Perspektif
Pers Mahasiswa
Oleh
Adrian Jourdan Muslim
Peminat
Kajian Media
“Reformasi gagal” merupakan
saripati sesudah menyaksikan Indonesia di tarikh 2012. Reformasi
yang digulirkan mahasiswa sukses mendongkel Soeharto seraya menolak
dwifungsi ABRI. Selain itu, reformasi menghasilkan pengembangan
otonomi daerah.
14 tahun berlalu, ternyata
reformasi belum mencapai puncak ekspektasi. Reformasi memang telah
menentukan arah demokratisasi di Indonesia. Negeri ini begitu
progresif dalam mengaplikasikan pengembangan demokrasi.
Dalam dinamika politik
kontemporer, spirit refomasi kehilangan kontrol atas kebijakan
publik. Apalagi, negeri sarang koruptor ini banyak dihuni politisi
busuk yang sekedar berpikir pragmatis. Orbaisme alias paham Orde
Baru malahan turut memperparah keadaan. Akibatnya, oligarki politik
Orde Baru menggurita di struktur kekuasaan.
Kita muak dengan politik Orde Baru
yang mengedepankan kekerasan. Di zaman Soeharto, penyelenggara
negara tuli terhadap aspirasi rakyat maupun mahasiswa. Bahkan,
korupsi, kolusi serta nepotisme marak dipraktekkan.
Dewasa ini, kita mengharap ada
golongan yang bisa membawa Negara Kesatuan Republik Indonesia (NKRI)
berlabuh di stasiun sejahtera nan damai. Rakyat mendambakan
demokrasi mesti finish sembari membawa keutuhan bangsa,
keadilan dan kemakmuran rakyat.
Aktivis penggerak reformasi 98
masih banyak yang lantang. Sebagian lainnya terlibat dalam
pemerintahan. Hingga, merepotkan arah reformasi. Realitas tersebut
menunjukkan bahwa aktivis reformasi yang masih suci harus bergandeng
tangan dengan mahasiswa untuk menata ulang visi optimistis-progresif.
Mahasiswa sukses menggulingkan
rezim otoritarian Orde Baru.
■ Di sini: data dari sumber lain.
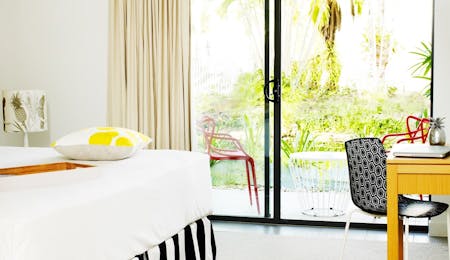 qt resort room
Kini, mahasiswa dituntut proaktif
mengawal NKRI. Senjata mahasiswa yang ampuh untuk berjuang ialah
pers mahasiswa. Media-media kampus menjadi hembusan nafas demi
merestorasi NKRI. Pers mahasiswa dibutuhkan guna memicu suasana
sekarang demi mencapai martabat serta peradaban.
Ironis terasa lantaran ketika pers
mahasiswa diperlukan, mereka rupanya kekurangan energi. Daya ledak
pers mahasiswa makin lemah. Mereka acap menyelenggarakan diskusi.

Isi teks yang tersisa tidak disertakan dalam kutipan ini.